Last December, the American President, Joe Biden, convened a USAfrica Leaders Summit – the second since Barack Obama organised the first one in 2014. Donald Trump, on the other hand shifted America’s focus away Africa.

But then, we wonder, what new thing would African leaders have learnt from Trump who was behaving like some of the despotic presidents in Africa? Unleashing his militia against the seat of power in Washington because he was not too happy with the result of a democratic election seems like what we have seen in some African countries.

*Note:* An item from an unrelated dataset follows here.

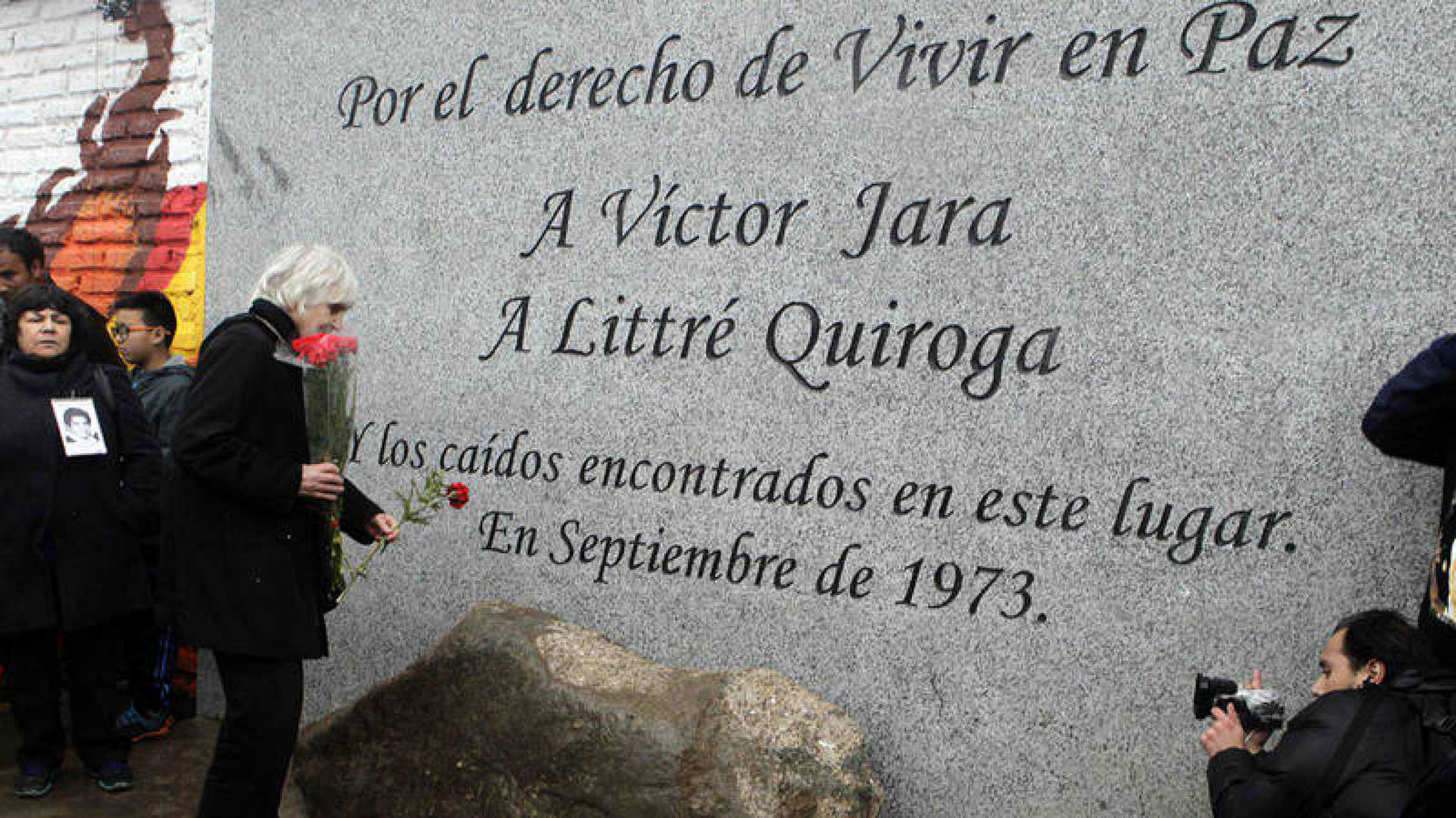 Fundación Víctor Jara por utilización de la UDI de «El derecho de vivir en paz»: Que el pueblo juzgue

Now, with Biden at the White House, and with the Chinese and Russians, among others, making huge inroads into Africa, the US has upped the ante. In the last few months Treasury Secretary Janet Yellen, US ambassador to the UN Linda ThomasGreenfield and the Vice President herself, Kamala Harris, have all made their way to the African continent offering a stronger economic partnership that many view as a challenge to the Chinese presence in Africa.

What does this really portend? It clearly means that Africa is important to the rest of the world, which it has always been. But Africans appear not to have been wise to this, and have allowed outsiders to claim a huge chunk of this rich and massive cake at the expense of Africans themselves.

What is happening is that Africans have lost the mind games that are being played internationally. The subliminal messages being sent out by outsiders is that the continent cannot stand on its own two feet, and that it is only through external assistance that progress will be made.